[Data — start]
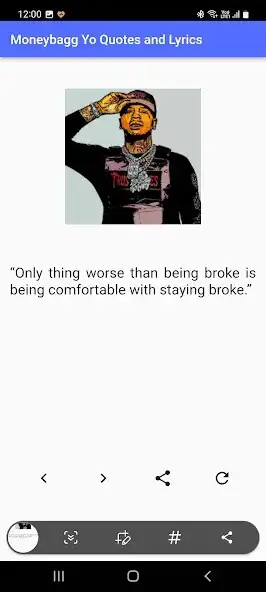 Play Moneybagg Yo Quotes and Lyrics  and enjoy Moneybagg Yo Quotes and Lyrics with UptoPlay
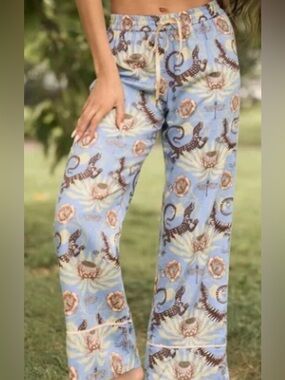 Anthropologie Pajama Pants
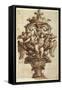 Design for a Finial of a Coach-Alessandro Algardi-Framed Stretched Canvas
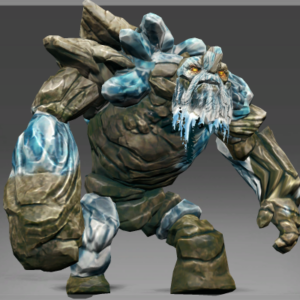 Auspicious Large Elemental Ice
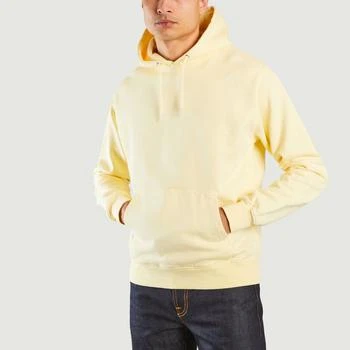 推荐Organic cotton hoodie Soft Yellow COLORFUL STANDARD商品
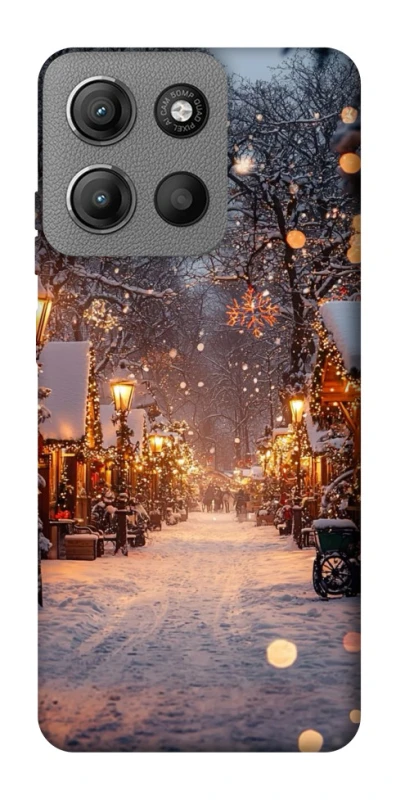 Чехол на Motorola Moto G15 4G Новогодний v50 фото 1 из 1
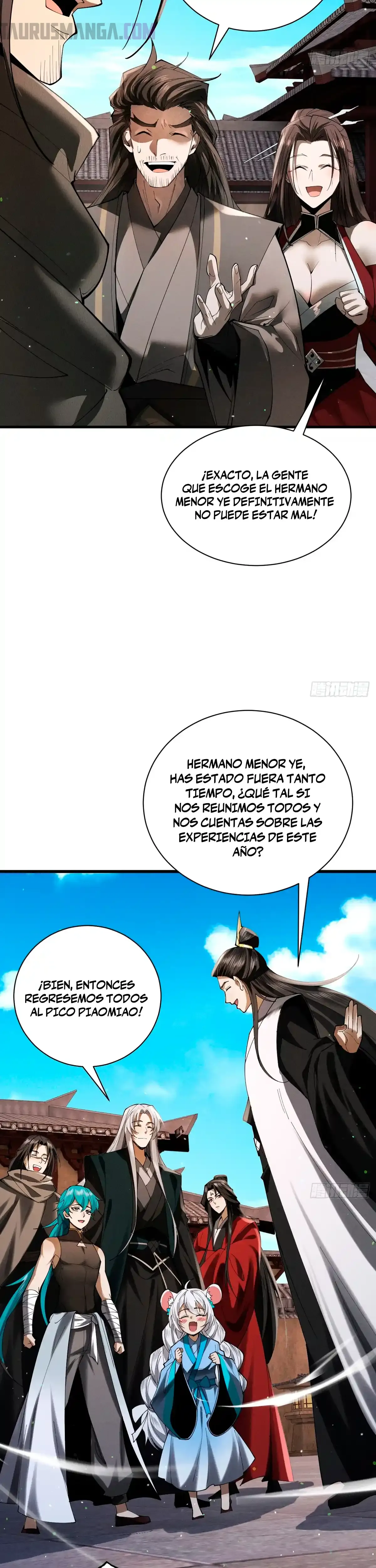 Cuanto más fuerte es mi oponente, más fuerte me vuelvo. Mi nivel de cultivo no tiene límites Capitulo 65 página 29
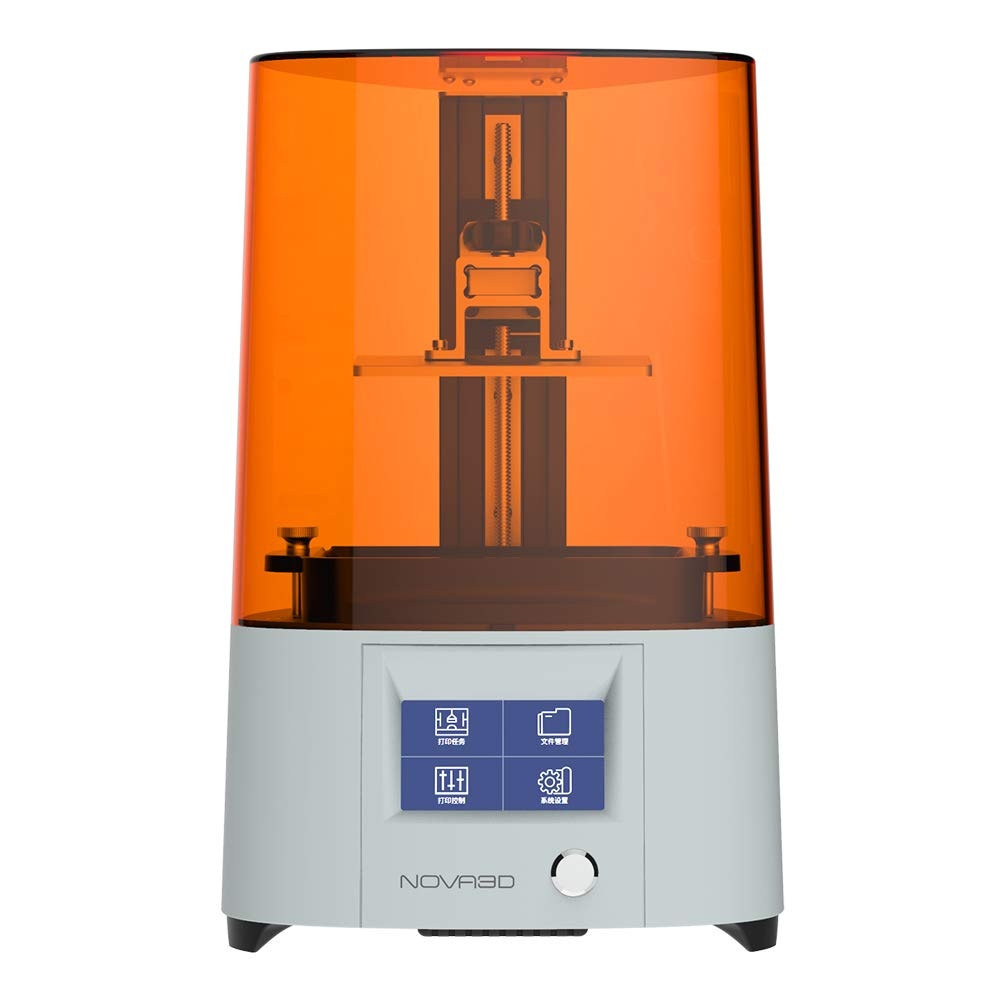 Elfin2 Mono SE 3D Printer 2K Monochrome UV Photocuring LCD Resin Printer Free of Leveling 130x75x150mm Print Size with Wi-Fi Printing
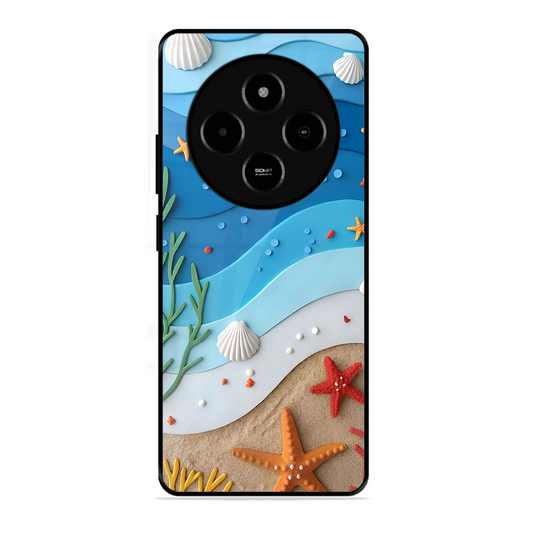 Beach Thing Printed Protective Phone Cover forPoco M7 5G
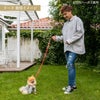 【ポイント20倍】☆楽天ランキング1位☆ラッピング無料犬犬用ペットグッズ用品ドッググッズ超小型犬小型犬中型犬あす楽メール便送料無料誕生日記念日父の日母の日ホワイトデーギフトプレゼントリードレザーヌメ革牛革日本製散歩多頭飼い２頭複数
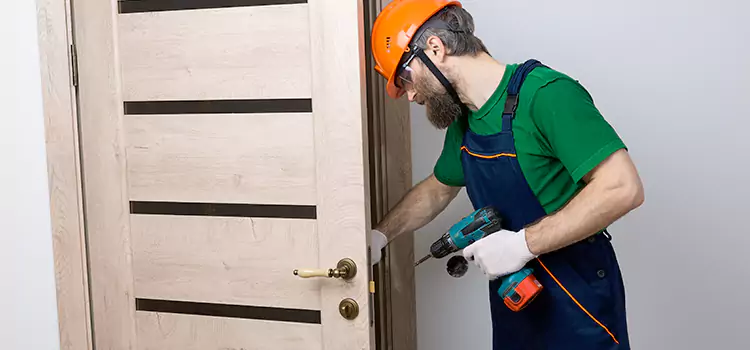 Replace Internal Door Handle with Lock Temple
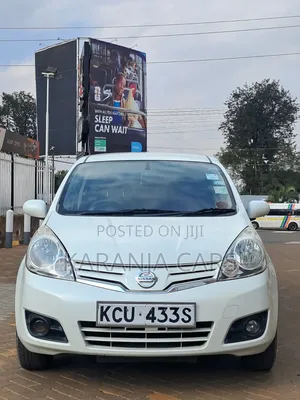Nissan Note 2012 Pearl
[Data — finish]
The answer is those lines of the material above that run from the one containing "推荐Organic cotton hoodie" up to and including the one containing "Beach Thing Printed", restated exactly and without images.

• Answer section:
 推荐Organic cotton hoodie Soft Yellow COLORFUL STANDARD商品
 Чехол на Motorola Moto G15 4G Новогодний v50 фото 1 из 1
 Cuanto más fuerte es mi oponente, más fuerte me vuelvo. Mi nivel de cultivo no tiene límites Capitulo 65 página 29
 Elfin2 Mono SE 3D Printer 2K Monochrome UV Photocuring LCD Resin Printer Free of Leveling 130x75x150mm Print Size with Wi-Fi Printing
 Beach Thing Printed Protective Phone Cover forPoco M7 5G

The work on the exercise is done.